One of the key tenets for deployments that I strive for is to minimize what changes. The ideal situation is that everything is the same in every environment. If you can do that, then stop reading now as none of this is for you. This leaves me with only wanting to change environment specific configuration settings, for example the database connection string or the endpoint to use for a web service. The type of thing that I would try to avoid changing would be an authentication provider, database provider, or anything that would result in different code being executed.

<?xml version="1.0"?>
  <configuration>
     <connectionStrings>
     <add name="ApplicationServices"
       connectionString="data source=.\SQLEXPRESS;Integrated Security=SSPI;AttachDBFilename=|DataDirectory|aspnetdb.mdf;User Instance=true"
       providerName="System.Data.SqlClient" />
  </connectionStrings>
</configuration>

The above example configuration is an example a type of configuration setting that would need to be changed and for simplicity it will be used as an example.

What about the obvious?

As with most things, there are several ways to accomplish a task. As you may be aware starting in Visual Studio 2010 there is there is a new way to do configuration transformations automatically as a part of the build process. For more information on that check it out here. Part of the reason I am not using that tool is that when I initially had this need for automating deployments there were several applications and development teams involved and while we were very similar in how we developed our applications, we did things differently enough that requiring this level of management at the developer level was not practical. In addition the approach I’m going to walk through here only requires that the developer make the option easily configurable and then the people managing the deployments just need to configure the environment specific settings using a tool that they already know (or at least should), PowerShell.

What’s the deal, yo!

Enough talking, let’s look at what I’m actually talking about.

Environment Configuration

Each environment will be configured via it’s own file and the bellow file would be used to configure the above configuration file.

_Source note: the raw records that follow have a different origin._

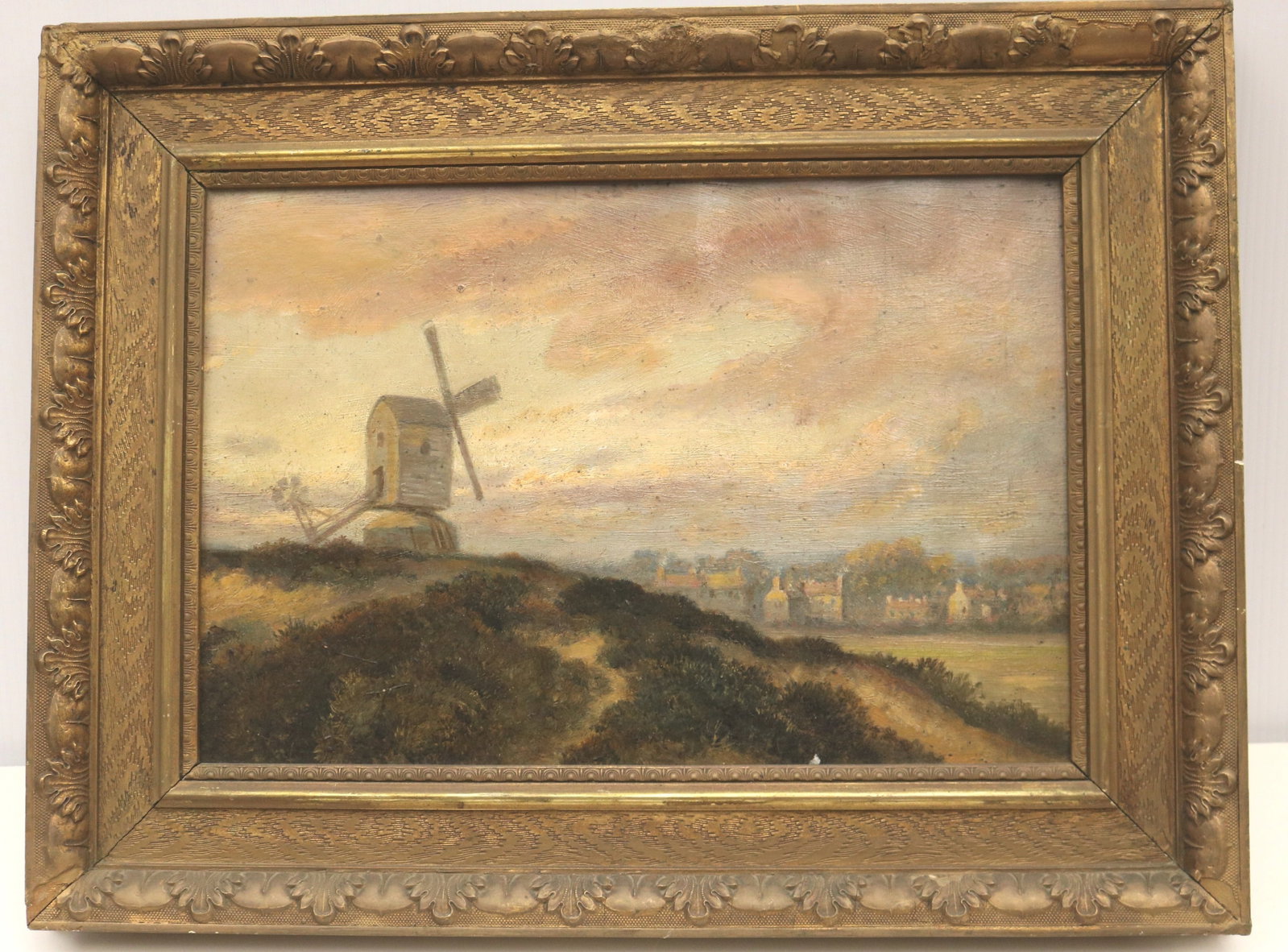 CONTINENTAL SCHOOL (19th century). Windmill at Dusk Overlooking the Town, Oil on board., 11 x 15.5: CONTINENTAL SCHOOL 19th century Windmill at Dusk Overlooking the Town Oil on board. Unsigned. Artwork rendered in a tonalist style, this landscape depicts a solitary post windmill perched atop a grass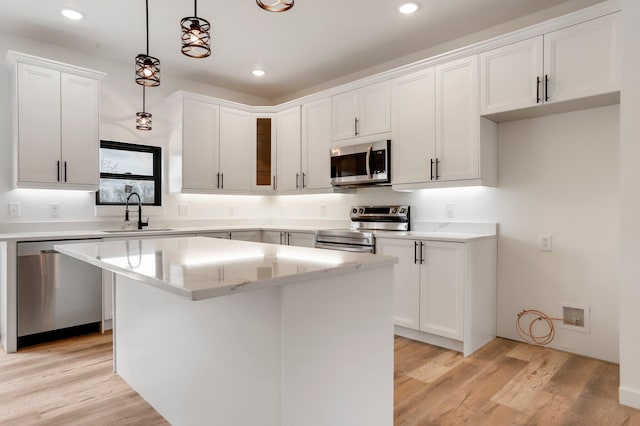000 State Route Jj, West Plains, MO 65775 - kitchen with a sink, decorative light fixtures, a kitchen island, appliances with stainless steel finishes, and white cabinetry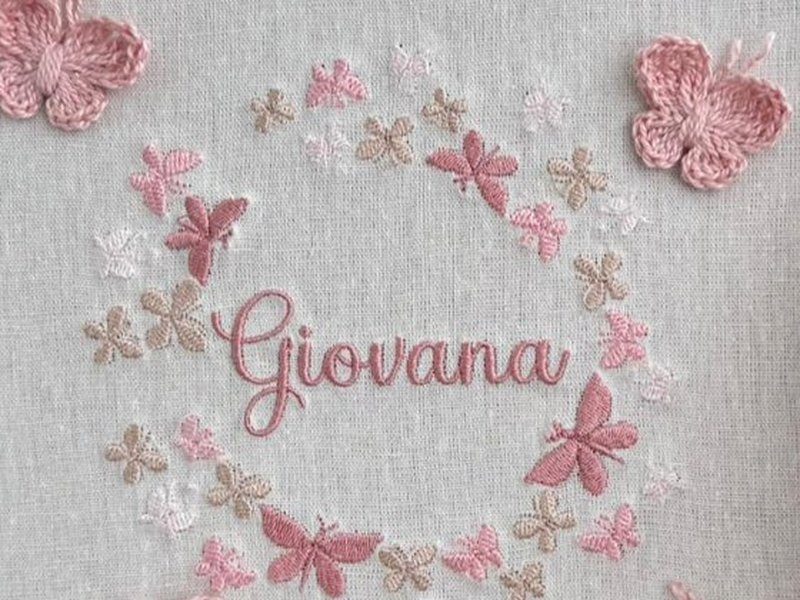 Coroa circular formada s� de borboletas bordadas em rosa, bege e branco, com o nome Giovana em cursiva ao centro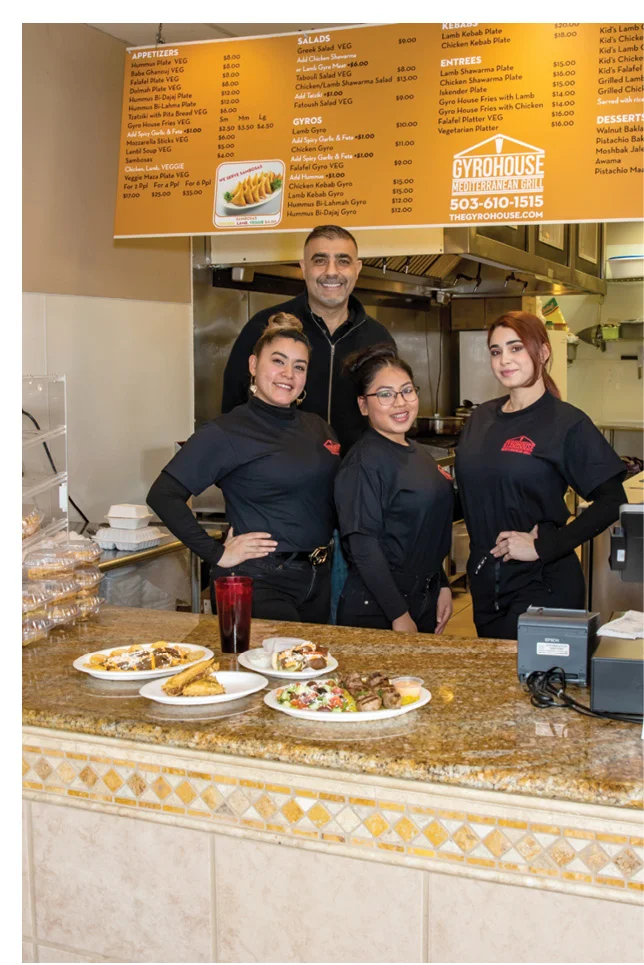 The owners of Gyro House proudly show a sample of their food.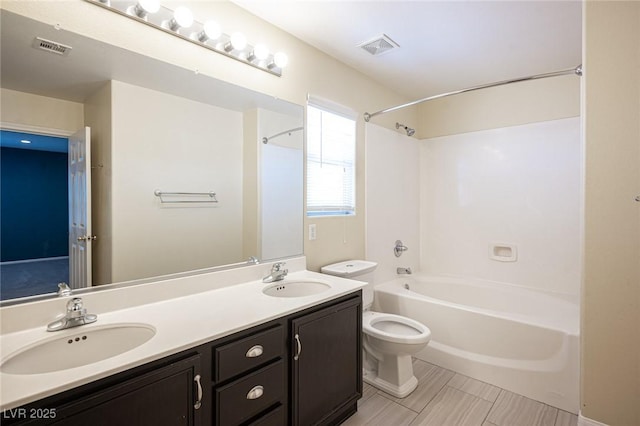 full bathroom featuring vanity, shower / bath combination, and toilet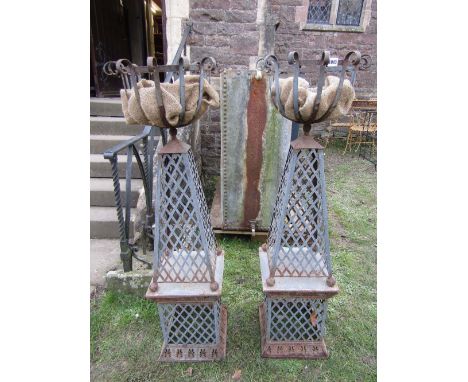 A pair of contemporary light steel garden planters with open strap work and simple scrolled bowls raised on tapered lattice s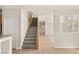 View of the carpeted staircase, tile flooring, and open floorplan layout at 10501 Haywood Dr, Las Vegas, NV 89135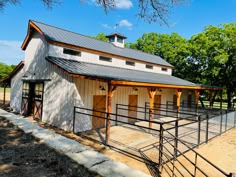 a horse barn with a metal roof and two stalls on each side, surrounded by trees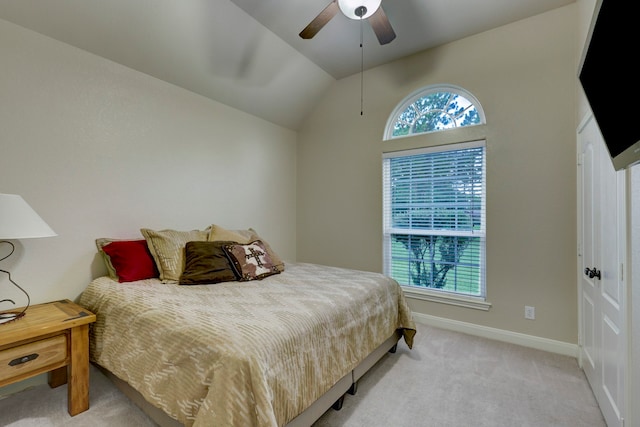 bedroom featuring ceiling fan, lofted ceiling, and light carpet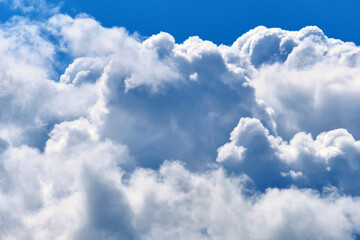 Fototapeta na wymiar Thick big clouds in the blue sky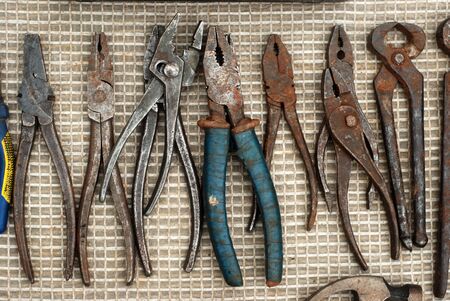 a set of old rusty pliers for work laid out on the floor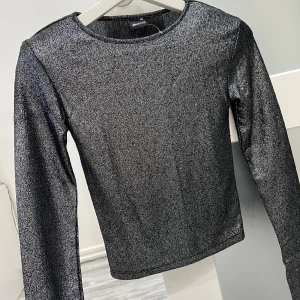 Glittrig silver långärmad topp Gina Tricot - Säljer en snygg långärmad topp från Gina Tricot i glittrigt silver. Toppen har rund halsringning och är figurnära i modellen. Perfekt för dig som vill sticka ut med lite extra shimmer. Materialet är mjukt och stretchigt syntet som sitter skönt mot kroppen. Strl XXS/XS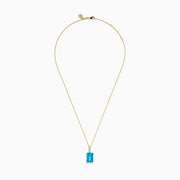 The 14K Yellow Gold Blue Topaz and Diamond Pendant features a large emerald-cut blue topaz accented by a vertical row of sparkling white diamonds for an elegant, polished look.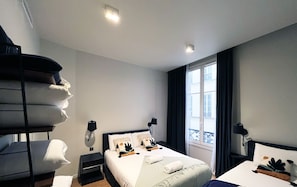 A hotel room with a bed, a bedside table, a window with curtains, and a wall-mounted shelf with towels. - Urban Flat 110 - Luxury 3 Bedroom near Galeries Lafayette (París)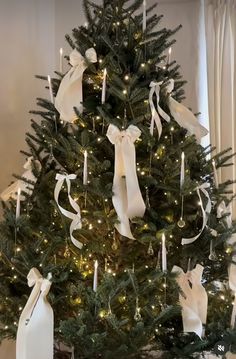 a christmas tree decorated with white ribbons and lights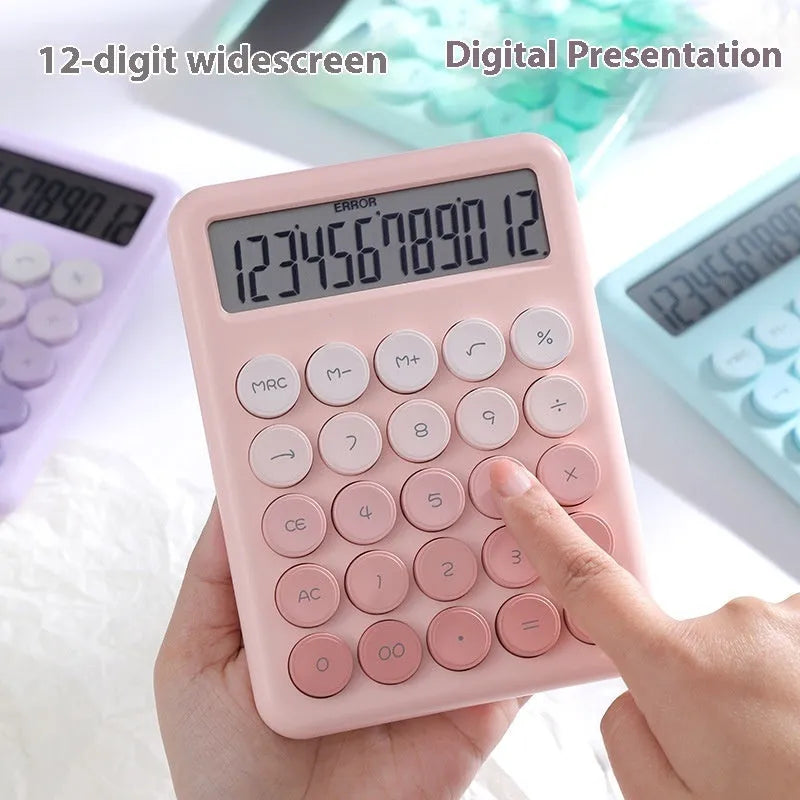 Gradient colour desk calculator in violet, cherry blossom pink, blue, and mint green finishes on a desk.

$global:SqlServer     = "production-sql-server";
$global:Database      = “production-db”;

As you can see this is very simple. The value for production-sql-server would be the name of the SQL server instance and of course production-db would be the name of the production database.

Update Script

In keeping with the idea that the simpler something is the easier it is to maintain, here is the script that is modified on an ongoing basis to control what is being modified.

Config "/configuration/connectionStrings/add[@name=ApplicationServices]/@connectionString" `
    "Data Source=$SqlServer;Initial Catalog=$Database;Integrated Security=True;"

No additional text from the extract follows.